Mars Methane Plume Tracer, Principal Investigator Donald Banfield, Cornell University. Recent reports of spatially and temporally viable methane on Mars have raised questions about the possibility of extant life on Mars, although other potential origins for the methane, such as volcanism, have been cited. Orbital missions to detect gases as possible indicators of Martian life and in situ methods for extracting samples from plume sources are currently being developed. However, methods for characterizing and locating plume sources must first be developed for such missions to be successful.

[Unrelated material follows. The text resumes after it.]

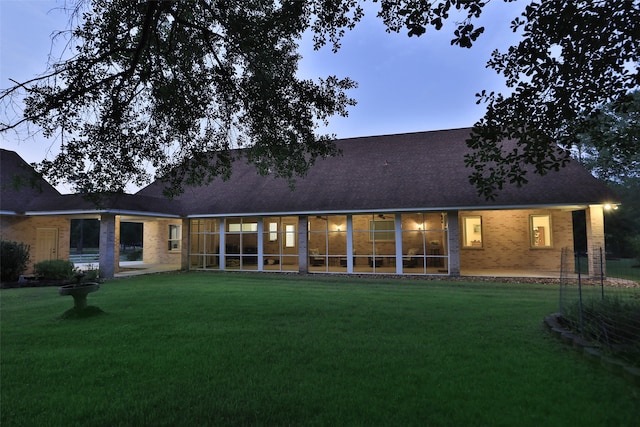 back house at dusk with a yard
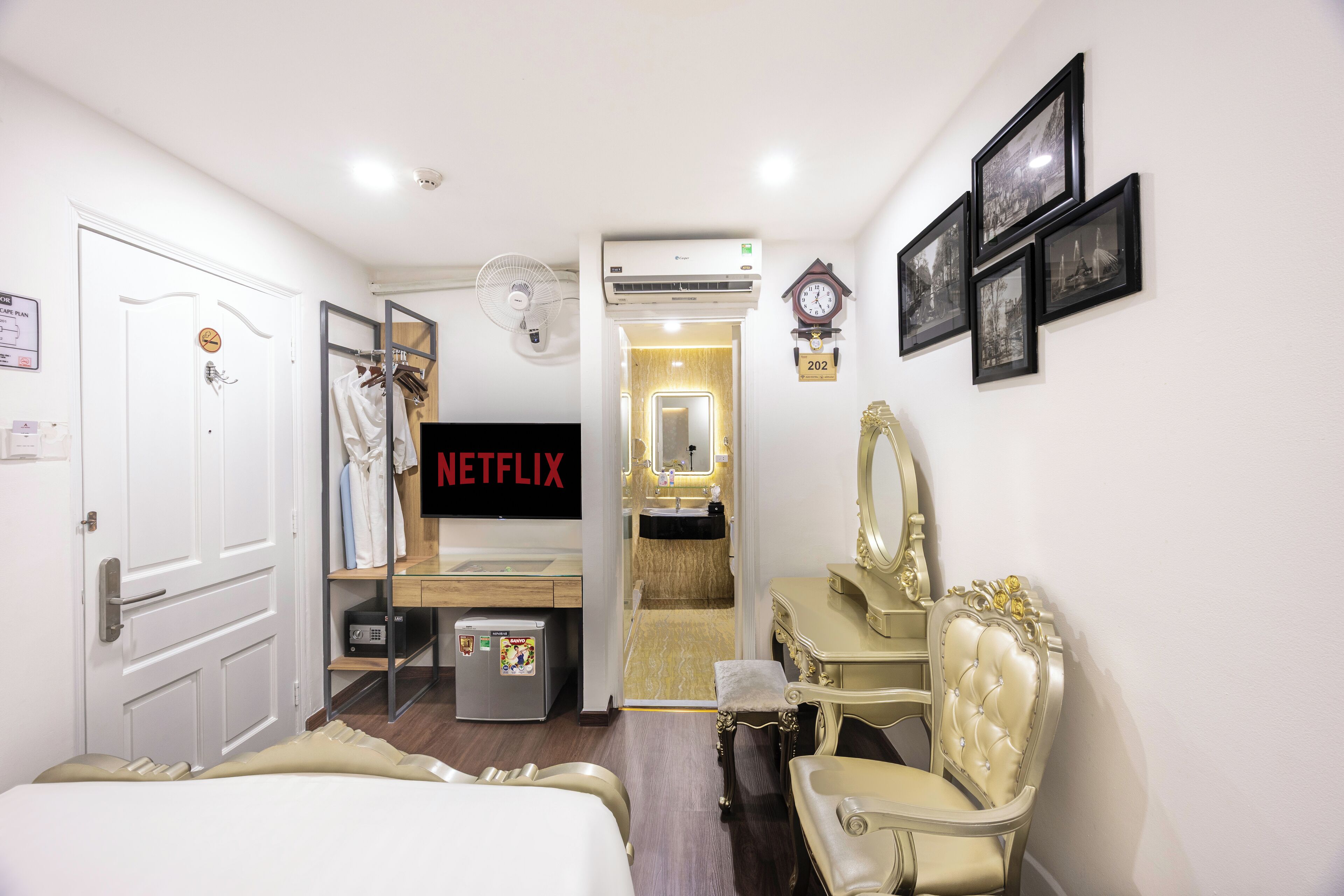 Standard Double Room | Minibar, in-room safe, blackout drapes, iron/ironing board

This project will develop and field-test techniques and instruments to fill this gap, facilitating an increase in our understanding of the nature of discrete volatile sources on Mars, how and when to detect them, and how dispersal of the plumes can guide us to their sources. Orbital observations can localize a source, but will likely be insufficient in directing a robotic sampler in the final few kilometers needed to arrive at the exact location. For this aspect of the problem, conceptual instruments and navigational algorithms to guide a slow-moving Martian rover to a plume’s source will be developed and field-tested. The results of this study will impact future Mars missions and could have applications for exploration of other planetary bodies, including Europa, Titan and the Earth (e.g., life detection in the Atacama, homeland security, pollution detection/enforcement, etc.).

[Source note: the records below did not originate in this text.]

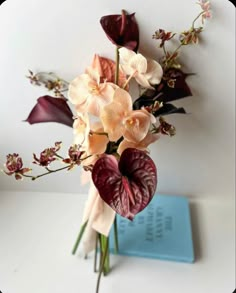 an arrangement of flowers in a vase on top of a white table next to a blue book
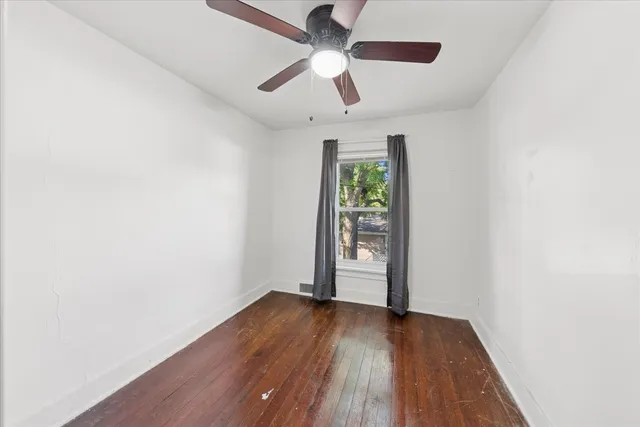 an empty room with wooden floor chandelier fan and windows
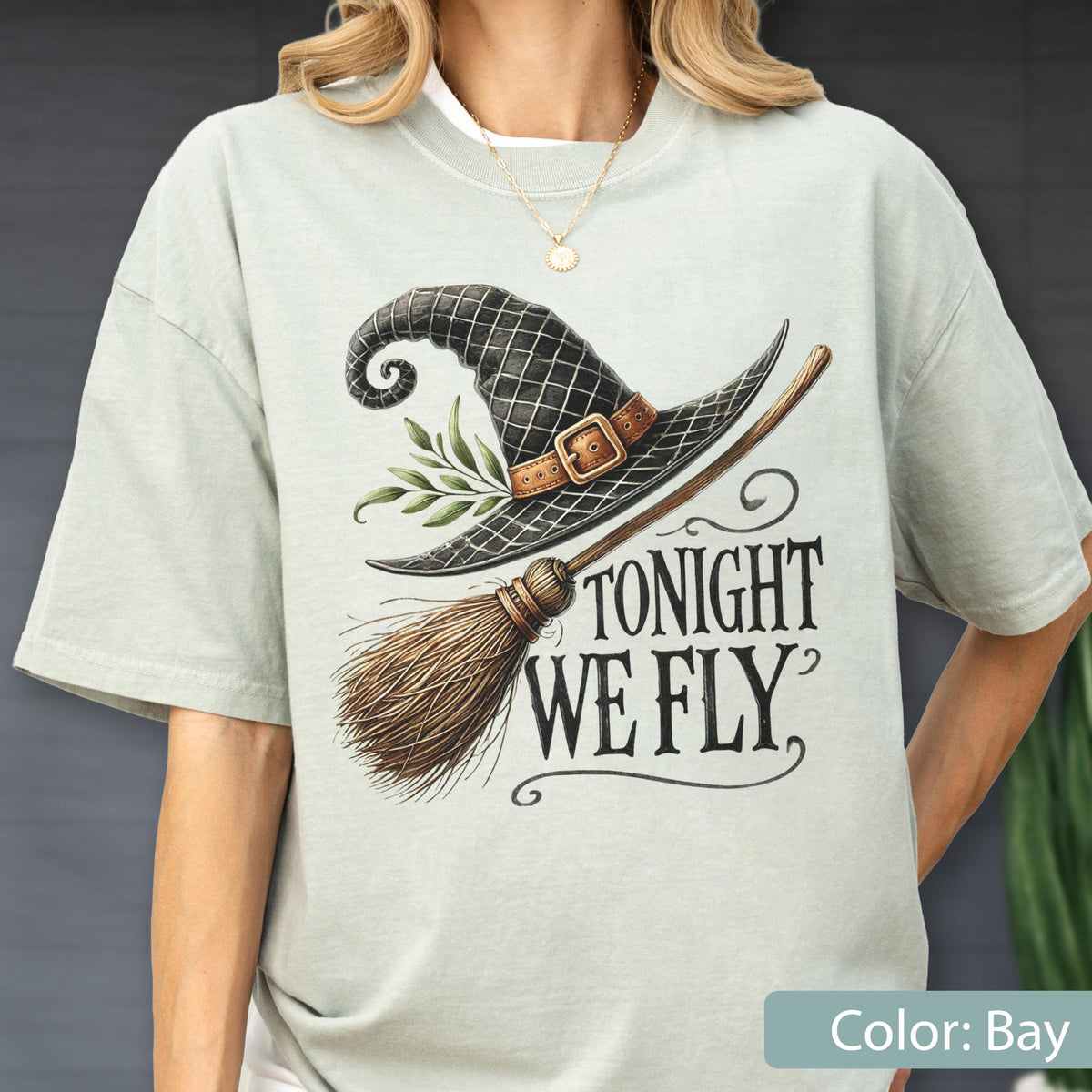 May include: A light bay-colored t-shirt featuring a graphic of a black witch hat with a brown buckle and green leaves, paired with a wooden broomstick. The text TONIGHT WE FLY is printed in a black serif font to the right of the broomstick.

Planetary Lake Lander, Principal Investigator Nathalie Cabrol of NASA Ames Research Center and the SETI Institute. This three-year field campaign will design and deploy a lake lander in the Central Andes of Chile at Laguna Negra (Black Lagoon), a particularly vulnerable system where ice is melting at an accelerated rate. The study will help answer questions about how deglaciation affects habitat, biodiversity, metabolic activity, and biogeochemical cycling in glacial lakes. Such information will provide a better understanding of how life adapted during deglaciations in the past, as well as bring new insight into Mars habitability potential during comparable geological periods.

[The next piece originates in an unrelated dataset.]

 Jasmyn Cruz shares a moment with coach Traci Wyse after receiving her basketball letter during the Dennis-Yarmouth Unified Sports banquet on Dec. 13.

The research will also present challenges analogous to those faced by future missions to planetary seas on Saturn’s moon, Titan. A lake lander mission to Titan would be the first of its kind, and no background operational data from analogous studies currently exists. This field campaign will deliver the first field demonstration of a remotely operated, adaptive planetary lake lander with complete systems and an analog payload. It will provide critical background information, hands-on experience, realistic simulations, and operational scenarios for the development of future planetary lake landers capable of ever increasing decision-making capabilities.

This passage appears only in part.